• [To do]: Working from the records below, repeat exactly the lines starting at the line that contains "BOUND Ingrid Ring-Detail" and ending at the line that contains "Easypix Aquapix W2024", inclusive.

Dataset items
########################################
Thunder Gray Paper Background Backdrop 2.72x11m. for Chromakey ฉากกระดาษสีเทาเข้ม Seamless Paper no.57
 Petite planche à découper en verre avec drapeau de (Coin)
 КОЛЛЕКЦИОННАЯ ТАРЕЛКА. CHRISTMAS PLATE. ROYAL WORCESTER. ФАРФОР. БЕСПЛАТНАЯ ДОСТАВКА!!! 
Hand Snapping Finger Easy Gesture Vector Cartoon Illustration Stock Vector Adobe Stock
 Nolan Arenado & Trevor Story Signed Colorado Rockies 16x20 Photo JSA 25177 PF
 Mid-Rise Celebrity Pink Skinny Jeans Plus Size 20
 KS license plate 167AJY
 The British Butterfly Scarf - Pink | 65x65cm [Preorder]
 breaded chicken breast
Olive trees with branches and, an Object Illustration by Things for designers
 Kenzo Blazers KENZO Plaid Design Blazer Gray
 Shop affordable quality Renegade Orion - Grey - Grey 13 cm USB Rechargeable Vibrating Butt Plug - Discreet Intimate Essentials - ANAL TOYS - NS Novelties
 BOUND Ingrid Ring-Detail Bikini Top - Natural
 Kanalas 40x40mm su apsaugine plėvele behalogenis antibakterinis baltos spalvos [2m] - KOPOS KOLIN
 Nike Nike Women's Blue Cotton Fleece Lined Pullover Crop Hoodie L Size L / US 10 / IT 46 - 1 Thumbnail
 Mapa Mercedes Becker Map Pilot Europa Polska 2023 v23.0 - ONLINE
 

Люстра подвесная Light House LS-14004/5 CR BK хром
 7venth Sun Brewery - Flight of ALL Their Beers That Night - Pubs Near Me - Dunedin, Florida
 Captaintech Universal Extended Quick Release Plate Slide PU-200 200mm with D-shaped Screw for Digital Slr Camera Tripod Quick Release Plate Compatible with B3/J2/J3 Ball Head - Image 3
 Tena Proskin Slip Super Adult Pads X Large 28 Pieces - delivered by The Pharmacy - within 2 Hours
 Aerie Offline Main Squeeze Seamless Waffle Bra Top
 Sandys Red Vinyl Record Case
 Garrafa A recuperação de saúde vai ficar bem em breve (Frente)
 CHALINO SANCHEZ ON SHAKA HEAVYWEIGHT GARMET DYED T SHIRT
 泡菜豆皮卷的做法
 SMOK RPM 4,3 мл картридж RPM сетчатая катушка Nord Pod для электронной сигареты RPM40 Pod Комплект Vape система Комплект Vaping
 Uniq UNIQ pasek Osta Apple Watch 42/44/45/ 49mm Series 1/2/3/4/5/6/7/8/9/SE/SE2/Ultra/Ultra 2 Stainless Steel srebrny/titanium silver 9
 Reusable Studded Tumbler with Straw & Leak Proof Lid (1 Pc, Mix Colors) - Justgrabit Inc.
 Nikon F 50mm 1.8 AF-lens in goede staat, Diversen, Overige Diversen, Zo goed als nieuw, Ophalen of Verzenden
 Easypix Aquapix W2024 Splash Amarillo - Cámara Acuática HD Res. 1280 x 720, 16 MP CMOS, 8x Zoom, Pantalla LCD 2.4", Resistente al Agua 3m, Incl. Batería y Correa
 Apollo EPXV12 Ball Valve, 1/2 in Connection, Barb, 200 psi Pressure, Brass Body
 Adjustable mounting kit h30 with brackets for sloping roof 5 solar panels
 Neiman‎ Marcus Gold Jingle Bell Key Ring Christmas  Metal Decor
########################################
• [Result]:
 BOUND Ingrid Ring-Detail Bikini Top - Natural
 Kanalas 40x40mm su apsaugine plėvele behalogenis antibakterinis baltos spalvos [2m] - KOPOS KOLIN
 Nike Nike Women's Blue Cotton Fleece Lined Pullover Crop Hoodie L Size L / US 10 / IT 46 - 1 Thumbnail
 Mapa Mercedes Becker Map Pilot Europa Polska 2023 v23.0 - ONLINE
 

Люстра подвесная Light House LS-14004/5 CR BK хром
 7venth Sun Brewery - Flight of ALL Their Beers That Night - Pubs Near Me - Dunedin, Florida
 Captaintech Universal Extended Quick Release Plate Slide PU-200 200mm with D-shaped Screw for Digital Slr Camera Tripod Quick Release Plate Compatible with B3/J2/J3 Ball Head - Image 3
 Tena Proskin Slip Super Adult Pads X Large 28 Pieces - delivered by The Pharmacy - within 2 Hours
 Aerie Offline Main Squeeze Seamless Waffle Bra Top
 Sandys Red Vinyl Record Case
 Garrafa A recuperação de saúde vai ficar bem em breve (Frente)
 CHALINO SANCHEZ ON SHAKA HEAVYWEIGHT GARMET DYED T SHIRT
 泡菜豆皮卷的做法
 SMOK RPM 4,3 мл картридж RPM сетчатая катушка Nord Pod для электронной сигареты RPM40 Pod Комплект Vape система Комплект Vaping
 Uniq UNIQ pasek Osta Apple Watch 42/44/45/ 49mm Series 1/2/3/4/5/6/7/8/9/SE/SE2/Ultra/Ultra 2 Stainless Steel srebrny/titanium silver 9
 Reusable Studded Tumbler with Straw & Leak Proof Lid (1 Pc, Mix Colors) - Justgrabit Inc.
 Nikon F 50mm 1.8 AF-lens in goede staat, Diversen, Overige Diversen, Zo goed als nieuw, Ophalen of Verzenden
 Easypix Aquapix W2024 Splash Amarillo - Cámara Acuática HD Res. 1280 x 720, 16 MP CMOS, 8x Zoom, Pantalla LCD 2.4", Resistente al Agua 3m, Incl. Batería y Correa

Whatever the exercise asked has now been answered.